La désignation d’un représentant syndical au CE après la désaffiliation d’un syndicat

La Cour de cassation a eu l’occasion de repréciser les conséquences de la désaffiliation d’un syndicat représentatif à sa confédération et les conditions de désignation du représentant syndical suite à cet événement.

     1. Modalités de reconnaissance de la représentativité des syndicats et de leurs unions

Depuis la réforme de la représentativité syndicale de 2008, la Cour de cassation intervient régulièrement pour rappeler que la qualité de représentativité acquise lors des élections professionnelles est attachée à l’étiquette syndicale et non au syndicat lui-même. (Ceci suppose que le syndicat ait fait connaître aux électeurs son étiquette, c’est-à-dire son adhésion à une union ou une confédération, au moment des élections professionnelles.)

Ainsi, si un syndicat affilié à une union ou une confédération réunit les 7 critères, dont celui du score électoral, à savoir au moins 10% des suffrages exprimés lors du premier tour des titulaires, il est représentatif (articles L. 2121-1 et L. 2122-1 du Code du travail). Mais s’il décide de se désaffilier de cette confédération, il perd la qualité d’OS représentative et ne peut plus exercer les prérogatives qui en découlent (Cass.
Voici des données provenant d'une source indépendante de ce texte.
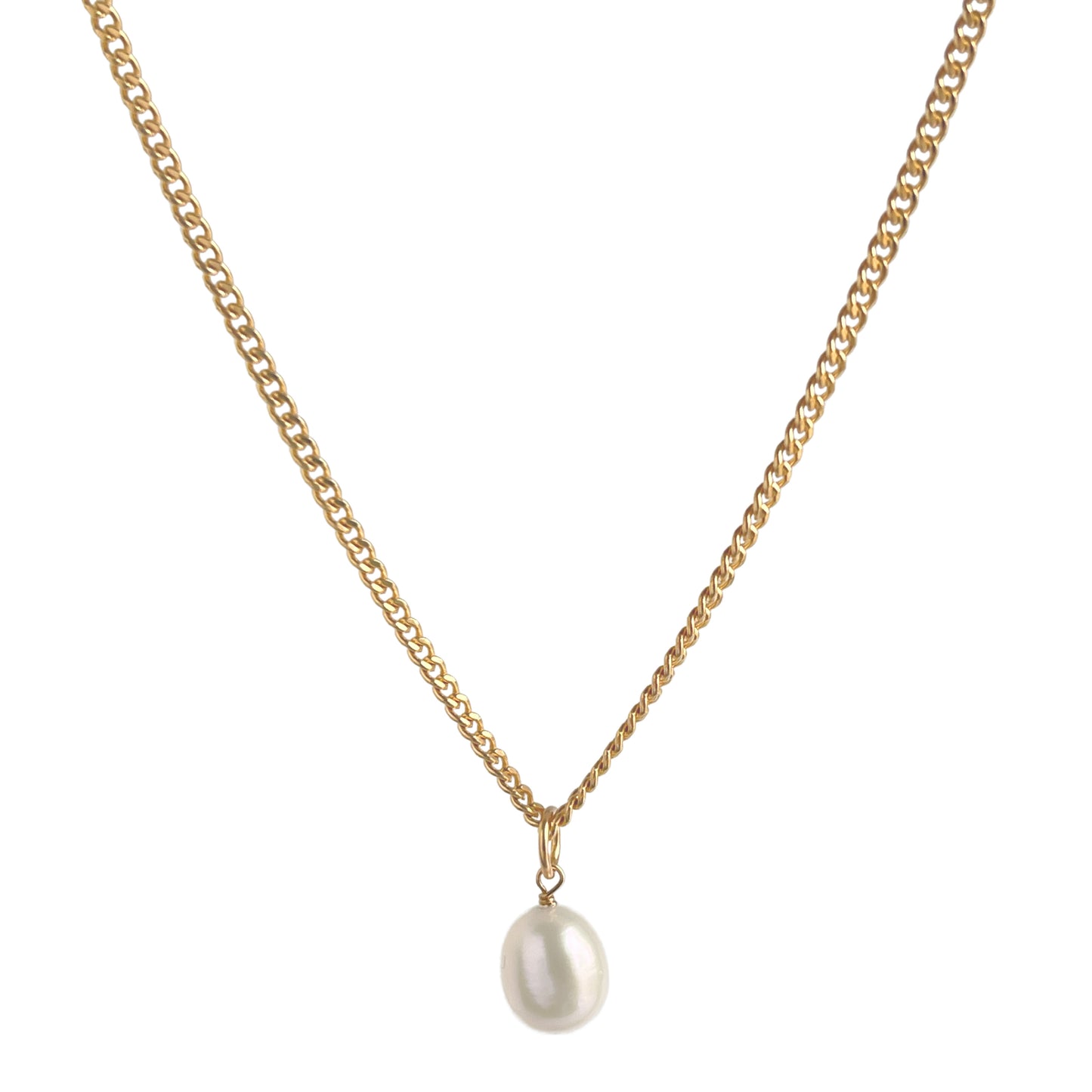 Curb Chain Necklace with Freshwater Pearl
Soc. 31 mai 2017 n°16-60236). En effet, l’affiliation confédérale sous laquelle un syndicat a présenté des candidats au premier tour des élections des membres titulaires du comité d’entreprise, désormais le CSE, constitue un élément essentiel du vote des électeurs. En cas de désaffiliation après ces élections, le syndicat ne peut plus continuer à se prévaloir des suffrages ainsi obtenus pour se prétendre représentatif (Cass. Soc. 18 mai 2011 n°10-21705).

La confédération conserve la représentativité et peut exercer les droits attachés, éventuellement en mettant fin aux actes préalablement accomplis par le syndicat. C’est ce que rappelle la Cour de cassation dans un arrêt récent relatif à la désignation du représentant syndical au comité d’entreprise (Cass. Soc. 6 mars 2019 n°18-15238).

     2. Conditions de désignation du représentant syndical par la confédération après la désaffiliation du syndicat

Selon l’ancien article L. 2324-2 du code du travail, chaque organisation syndicale représentative peut nommer un représentant syndical au comité d’entreprise. Un syndicat ayant donc participé aux élections professionnelles et ayant recueilli au moins 10 % des suffrages au premier tour des titulaires du comité peut désigner un représentant syndical. La Cour de cassation précise que si ce syndicat décide de se désaffilier de sa confédération, les conséquences seront les suivantes :

  • La confédération ou l’une de ses fédérations ou unions à laquelle ce syndicat était auparavant affilié peut désigner un représentant syndical au comité d’entreprise ou d’établissement.
  • Cette désignation met fin au mandat du salarié désigné par le syndicat avant sa désaffiliation.

Dans cette affaire, le syndicat SCID avait recueilli au moins 10 % des suffrages en étant affilié à la CFDT. Il s’était ensuite désaffilié de cette confédération, en sorte que la fédération des services CFDT pouvait procéder à la désignation d’un représentant au comité d’établissement. Cette désignation a mis fin au mandat du salarié précédemment désigné par ce syndicat.

L’arrêt ne le précise pas, mais en l’absence de nouvelle désignation de la part de la confédération ou d’une union, l’employeur aurait pu saisir le juge (le tribunal d’instance) pour faire reconnaître la caducité du mandat de représentant syndical. Le syndicat s’étant désaffilié, il a perdu sa représentativité et ne peut donc plus disposer d’un représentant syndical au CE (ou CSE).